Director's Message

At York, it is axiomatic that reading be informed by theory, history, and criticism, and our faculty and courses represent a comprehensive range of theoretical, historical, and critical approaches to literature. York’s is one of Canada’s key literary faculties in postcolonial studies. Having been at the forefront of the Canadian development of “commonwealth” studies, York’s world-renowned faculty maintain their cutting edge in research into and teaching of the literatures of postcoloniality, the writings of diasporic and indigenous peoples and communities, theories of imperialism and its resistance, and globalization studies.

York’s program has always been a national powerhouse in the study of Canadian literatures. Our continuing interest in the full historical range of Canadian imaginative writing up to contemporary, small-press experiments, our expertise in the study of Canadian publishing cultures, and our unparalleled scholarship in Canadian and Quebec translation issues makes York an outstanding place for future Canadianists to train. Feminist scholarship and criticism are thriving at York in distinct courses, in research initiatives, and by virtue of an integration of their lessons into curricular planning as a whole. Our longstanding reputation for groundbreaking research in Victorian studies is maintained by the Victorian Studies Network at York (VSNY), which sponsors an annual programme of interdisciplinary lectures, symposia, and conferences, and provides students with the opportunity to work with faculty on such renowned scholarly pursuits as The Collected Works of Gerard Manley Hopkins, The Collected Works of Walter Pater, The Correspondence of John Tyndall, and The Journal of Pre-Raphaelite Studies.

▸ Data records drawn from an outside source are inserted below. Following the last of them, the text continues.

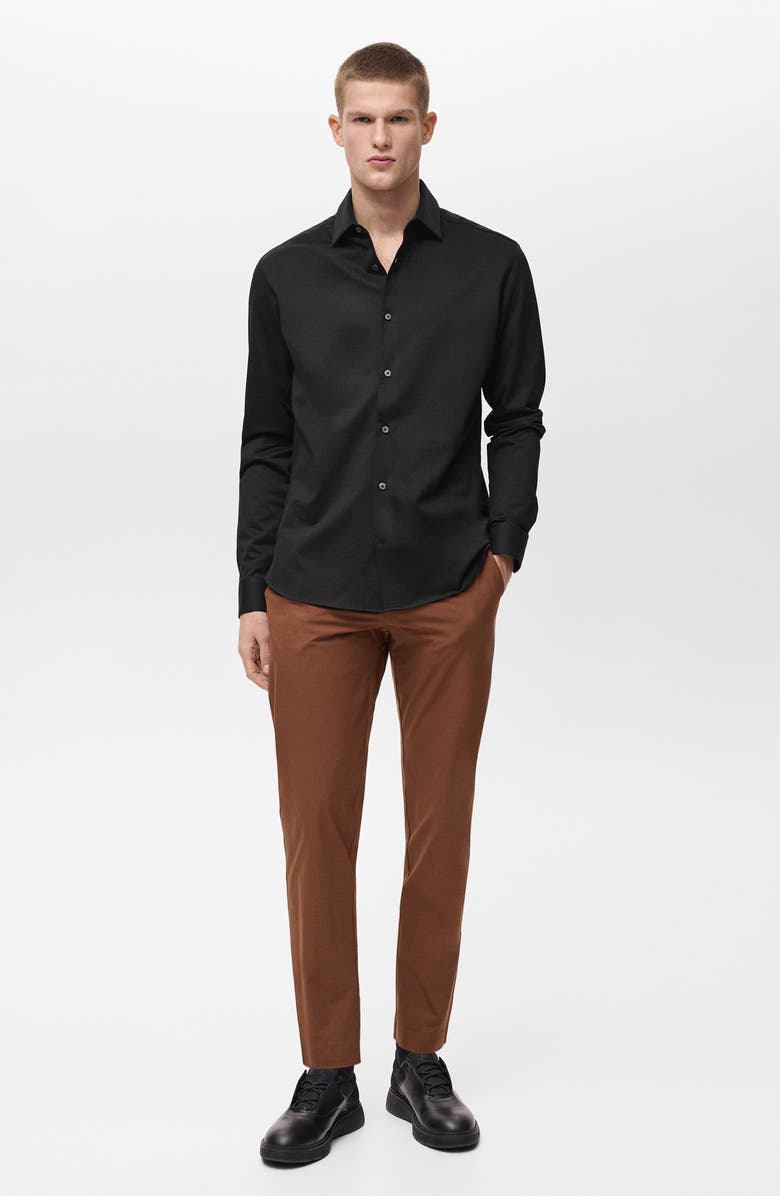 MANGO Easy Iron Comfort Stretch Button-Up Shirt, Alternate, color,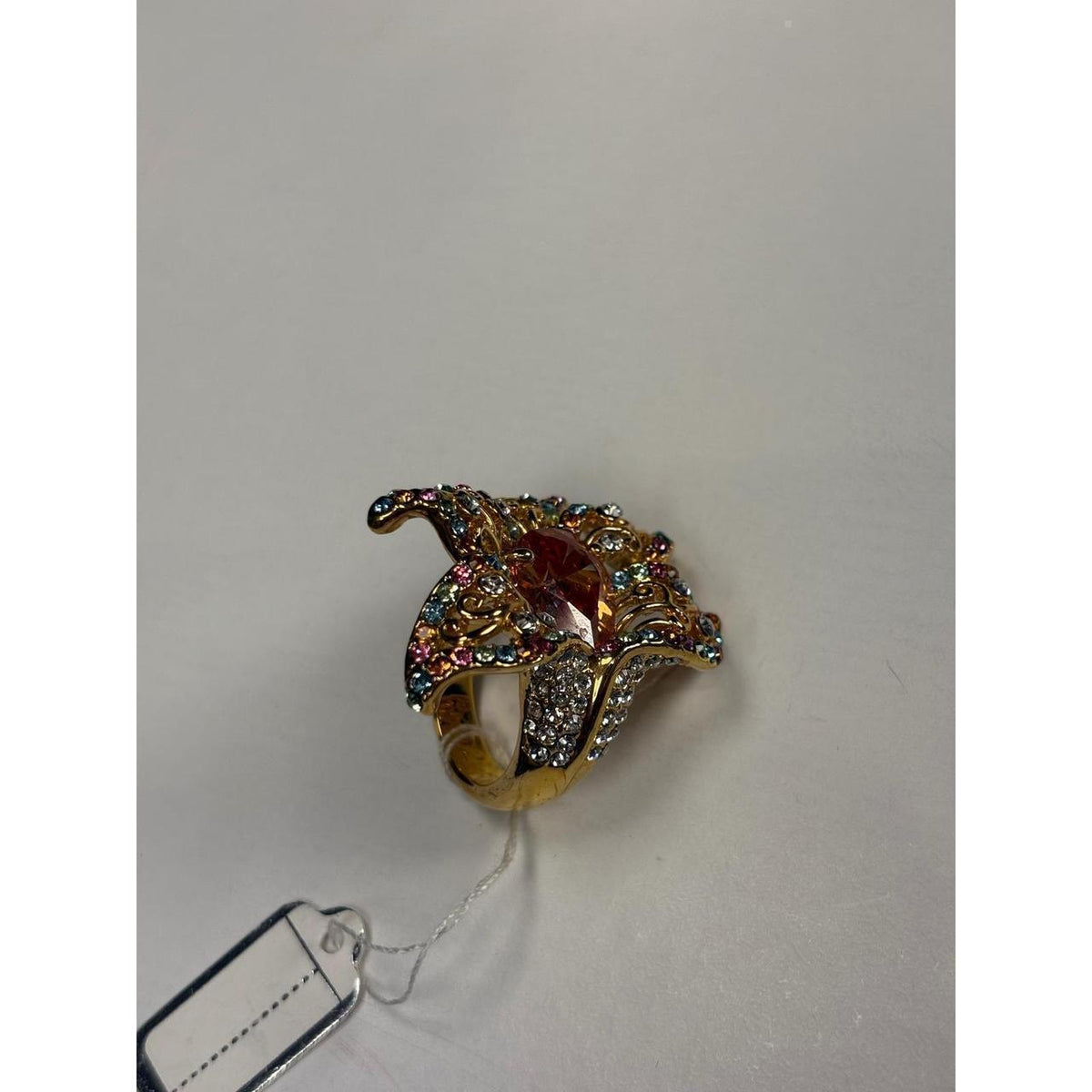 Gold-Tone Butterfly Multicolor Crystal Statement Ring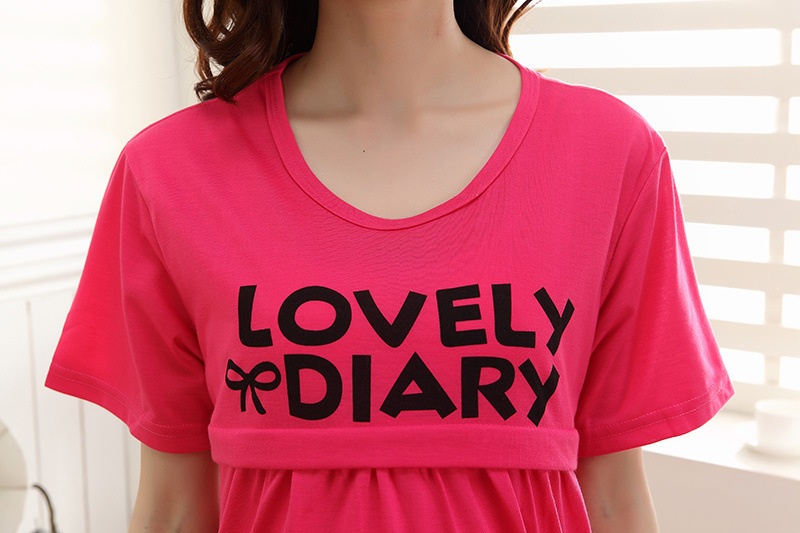 Cute bears Red Summer Pregnant woman pajamas nightwear clothing for pregnancy Puerpera breastfeeding clothes set maternal top 12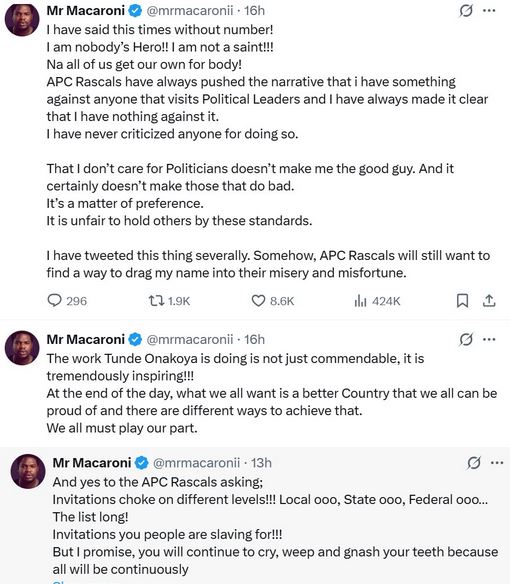 "I am not a saint" - Mr Macaroni Blasts APC Loyalists Over Fresh Celebrity-Politics Controversy 1 ronis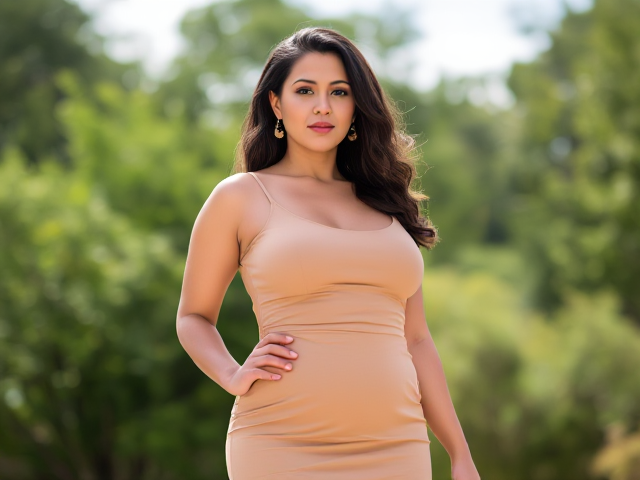 femme ronde élégante, portant une robe chic, dans un environnement naturel lumineux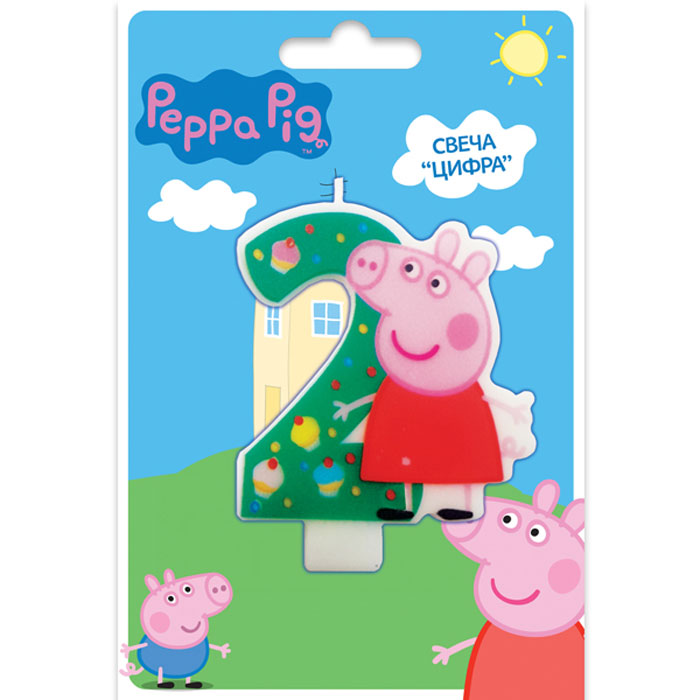 Peppa Pig Фигурная свеча Цифра 229734 Peppa Pig Фигурная свеча Цифра 229734Вашему малышу исполняется 2 годика? Это радостное событие не может обойтись без вкусного торта с красивой фигурной свечой в виде любимого персонажа. Идеальным решением может стать фигурная свеча Цифра 2 со Свинкой Пеппой. Такой сказочный подарок приведет малютку в искренний восторг и поможет организовать веселую игру с задуванием яркого огонька. А ведь это очень полезно для развития дыхательной системы и всего организма ребенка. Фигурная свеча Цифра 2 ТМ Peppa Pig с нанесенным рисунком имеет высоту 8 см, изготовлена из стеарина. Срок годности – 5 лет.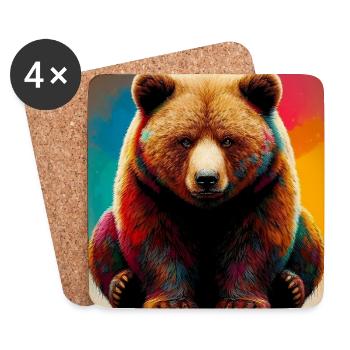 ours - Dessous de verre (lot de 4) - blanc - Devant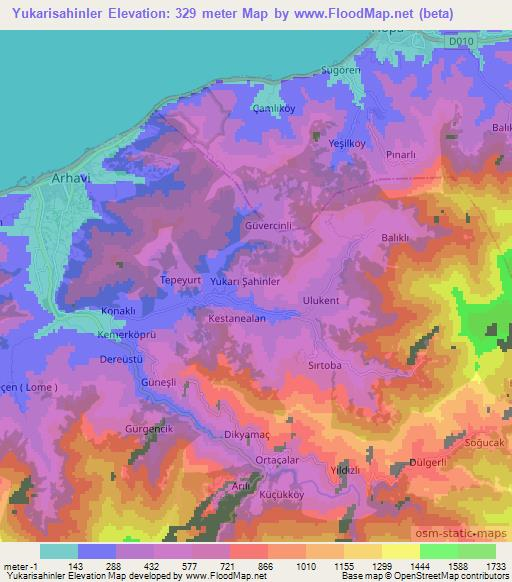 Yukarisahinler,Turkey Elevation Map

American literatures are a field of vigorous inquiry here, and our vantage outside America’s borders yet proximate to its cultural influences makes York a particularly advantageous laboratory for considering American forms and influences, including especially African-American literature. Faculty expertise in book history, bibliographic theory, critical race theory, environmental theory, gender theory, queer theory, theories of cultural studies, genre theory, poetics, and semiotics support a rich, attractive, and continually updated roster of courses as well as an extraordinarily diverse repertoire of graduate research projects and dissertations.

A measure of the program’s noted excellence is our ability to boast three winners of the John Charles Polanyi prize for outstanding early-career research, four Distinguished Research Professors, a Canada Research Chair, two fellows of the Royal Society of Canada, along with numerous national and international book and research awards and citations. A distinguished and intellectually active faculty and a compelling roster of stimulating courses combine to cultivate a stream of successful and highly effective young scholars and teachers. York supports graduate study through financial awards that are linked to teaching assistantships. One result is that York doctoral graduates are well-known as the best qualified new university teachers in Canada. Mindful that students rightfully expect career and job-placement support, in addition to academic course work, York provides students with specific, targeted training in all aspects of academic professionalization. A vibrant graduate students’ association is fully involved in the program’s collegial life and planning.

With a history of achievement and renown, equipped with an accomplished faculty of superb researchers and talented teachers, and with the enthusiasm and creativity of our excellent students, York’s Graduate Program in English consistently maintains its well-recognized place in the vanguard of literary inquiry in Canada.